7. La décision attaquée vise les dispositions applicables du code de l'entrée et du séjour des étrangers et du droit d'asile et indique que le bénéfice des conditions matérielles d'accueil est refusé à la requérante au motif que cette dernière a présenté une demande de réexamen. Dans ces conditions, la décision attaquée, qui vise les textes dont elle fait application et mentionne les faits qui en constituent le fondement, est suffisamment motivée pour permettre à la requérante d'en contester le bien-fondé et le moyen tiré du défaut de motivation, qui s'apprécie indépendamment de la pertinence des motifs retenus, doit être écarté.

8. En deuxième lieu, il ne ressort pas des motifs de la décision attaquée ou des autres pièces du dossier que l'Office français de l'immigration et de l'intégration n'aurait pas procédé à un examen sérieux et particulier de la situation de la requérante avant de prendre la décision litigieuse.
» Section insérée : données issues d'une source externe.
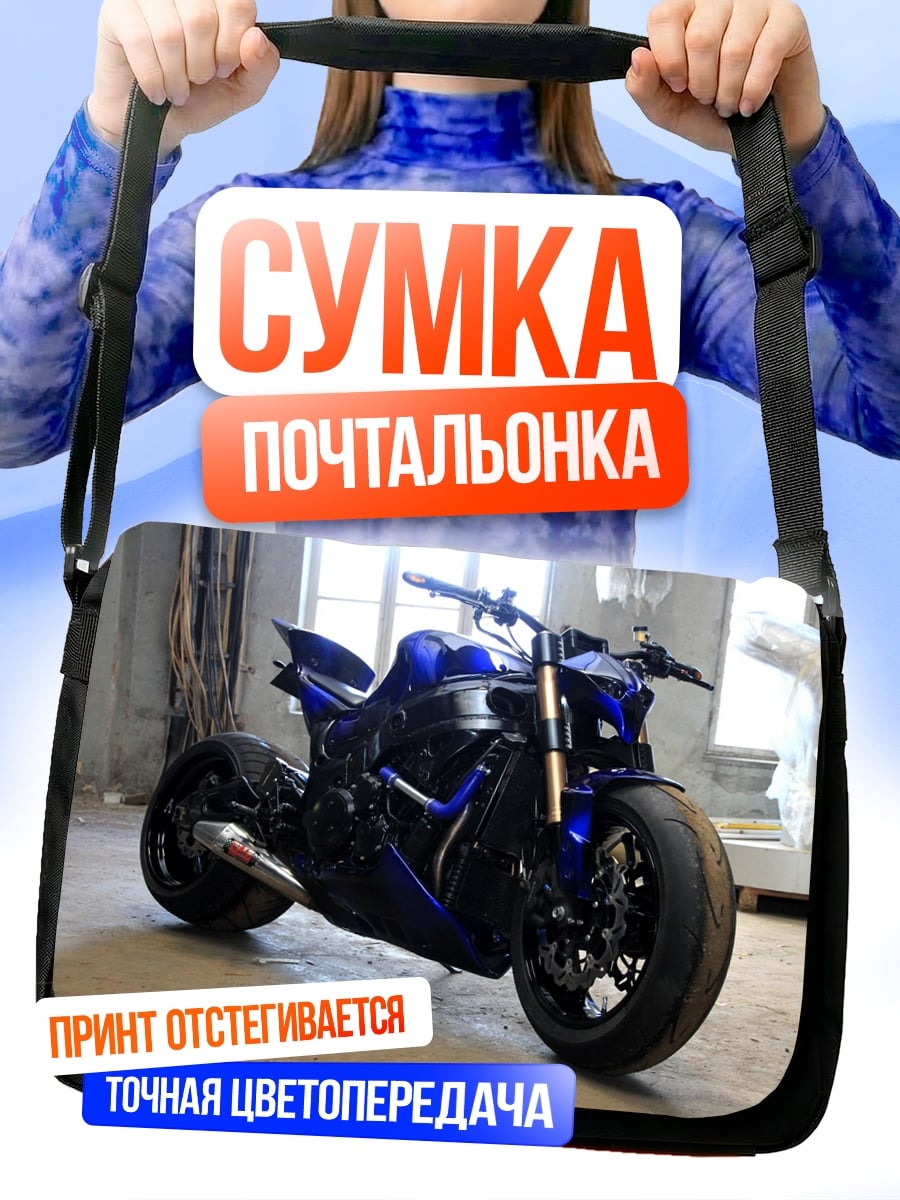 Сумка-почтальонка Синий кастомный мотоцикл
En outre, l'Office français de l'immigration et de l'intégration fait valoir que la requérante a bénéficié le 13 septembre 2021 d'un entretien au cours duquel ses besoins ont été évalués et que cet entretien n'a pas mis en lumière d'éléments particuliers de vulnérabilité, l'intéressée n'ayant pas fait état de problèmes de santé et ayant déclaré être hébergée depuis son arrivée en France. Dans ces conditions, le moyen tiré du défaut d'examen ne peut donc qu'être écarté.
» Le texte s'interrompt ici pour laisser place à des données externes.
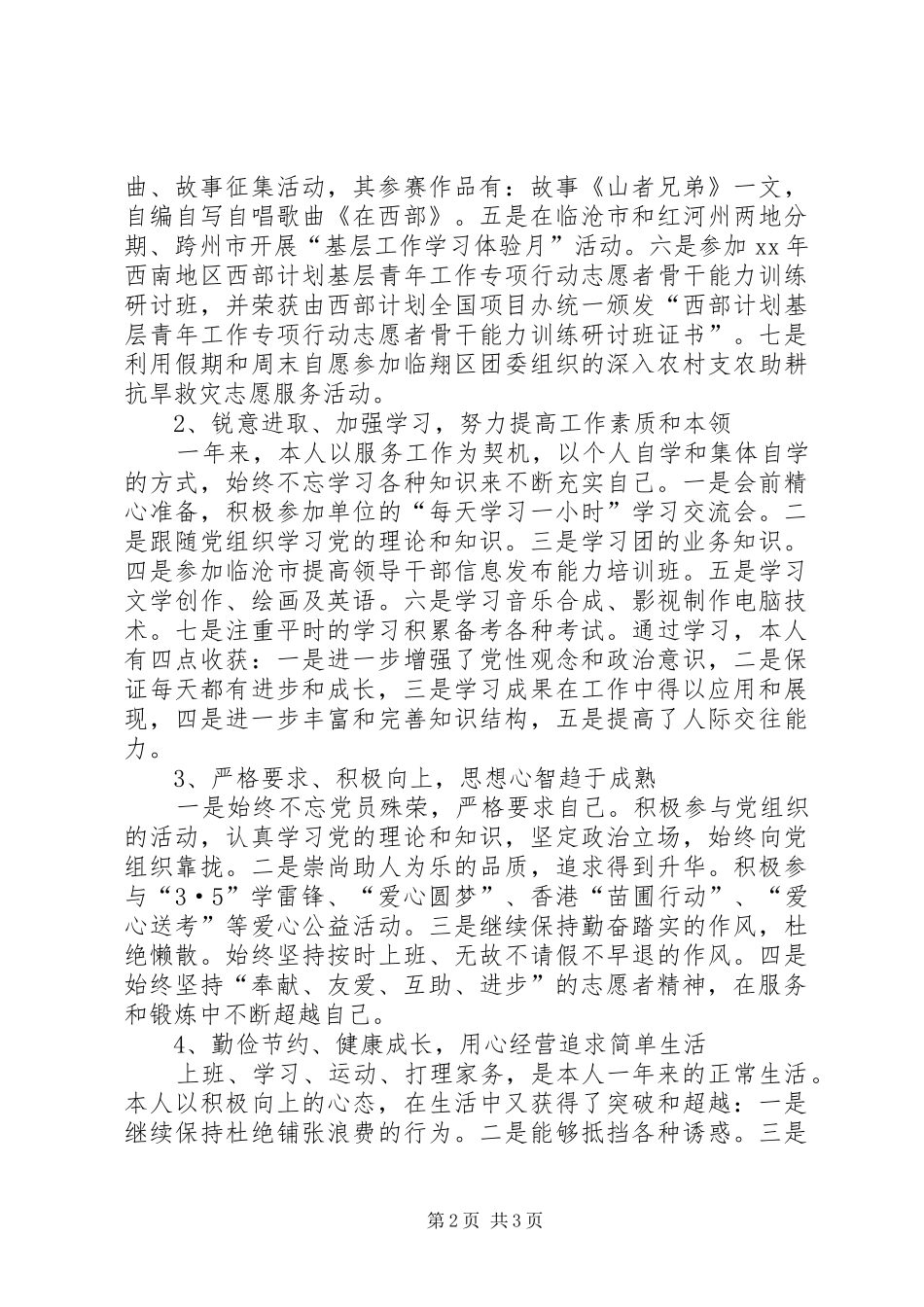 志愿服务西部计划个人总结 _第2页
9. En troisième lieu, il ne ressort pas des pièces du dossier que l'Office français de l'immigration et de l'intégration se serait estimé tenu de refuser les conditions matérielles d'accueil au seul motif d'un dépôt d'une demande de réexamen de sa demande d'asile sans tenir compte de la situation de la requérante. Par suite, le moyen tiré d'une erreur de droit doit être écarté.
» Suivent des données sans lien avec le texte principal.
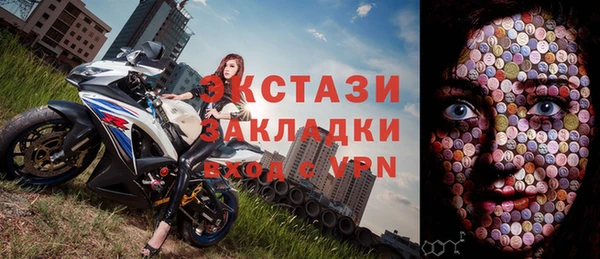 PSILOCYBIN Бронницы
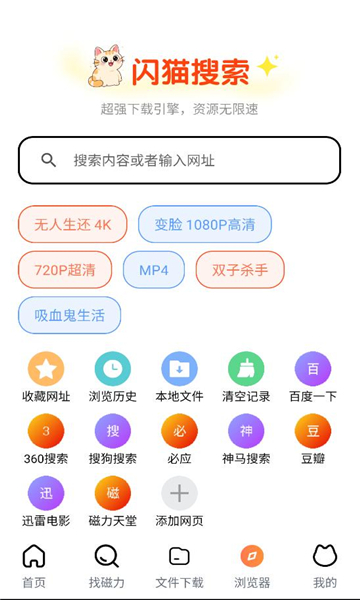 èappv1.0.1 ׿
10. En quatrième lieu, contrairement à ce que soutient la requérante, il ressort des pièces du dossier que l'Office français de l'immigration et de l'intégration a procédé à un nouvel entretien de vulnérabilité, le 13 septembre 2021, avant de lui refuser le bénéfice des conditions matérielles d'accueil. En outre, les seules pièces du dossier ne permettent pas d'établir une situation de vulnérabilité. Par suite, le moyen tiré d'un vice de procédure doit être écarté.

11. En cinquième lieu, si la requérante soutient que l'Office français de l'immigration et de l'intégration aurait dû préciser les raisons pour lesquelles les conditions matérielles sont intégralement refusées, il ressort, toutefois, des pièces du dossier que l'Office français de l'immigration et de l'intégration pouvait refuser d'attribuer le bénéfice des conditions matérielles d'accueil en raison du réexamen de sa demande d'asile conformément aux dispositions précitées au point 2 de l'article 551-15 du code de l'entrée et du séjour des étrangers et du droit d'asile. Par suite, le moyen tiré d'une erreur de droit doit être écarté.

12. En dernier lieu, si la requérante soutient que l'Office français de l'immigration et de l'intégration devait lui faire bénéficier des conditions matérielles d'accueil compte tenu des menaces d'excision qui pèseraient sur sa fille en cas de retour en Côte d'Ivoire, cette circonstance est, toutefois, sans incidence sur la légalité de la décision attaquée. Par suite, le moyen tiré d'une erreur manifeste d'appréciation doit être écarté.

13. Il résulte de tout ce qui précède que les conclusions à fin d'annulation de la requérante doivent être rejetées. Par voie de conséquence, doivent également être rejetées ses conclusions à fin d'injonction et d'astreinte ainsi que celles présentées sur le fondement des dispositions des articles L. 761-1 du code de justice administrative et 37 de la loi du 10 juillet 1991.

D E C I D E :

Article 1er : La requête de Mme B est rejetée.

Article 2 : Le présent jugement sera notifié à Mme A B, à Me Hug et à l'Office français de l'immigration et de l'intégration.

Délibéré après l'audience du 16 juin 2023, à laquelle siégeaient :

Mme Mullié, présidente,

Mme Jeannot, première conseillère,

Mme Blanc, conseillère.

Rendu public par mise à disposition au greffe le 7 juillet 2023.

La rapporteure,

F. JEANNOT La présidente,

N. MULLIE

La greffière,

H. KELI

La République mande et ordonne au ministre de l'intérieur et des outre-mer en ce qui le concerne ou à tous commissaires de justice à ce requis en ce qui concerne les voies de droit commun contre les parties privées, de pourvoir à l'exécution de la présente décision.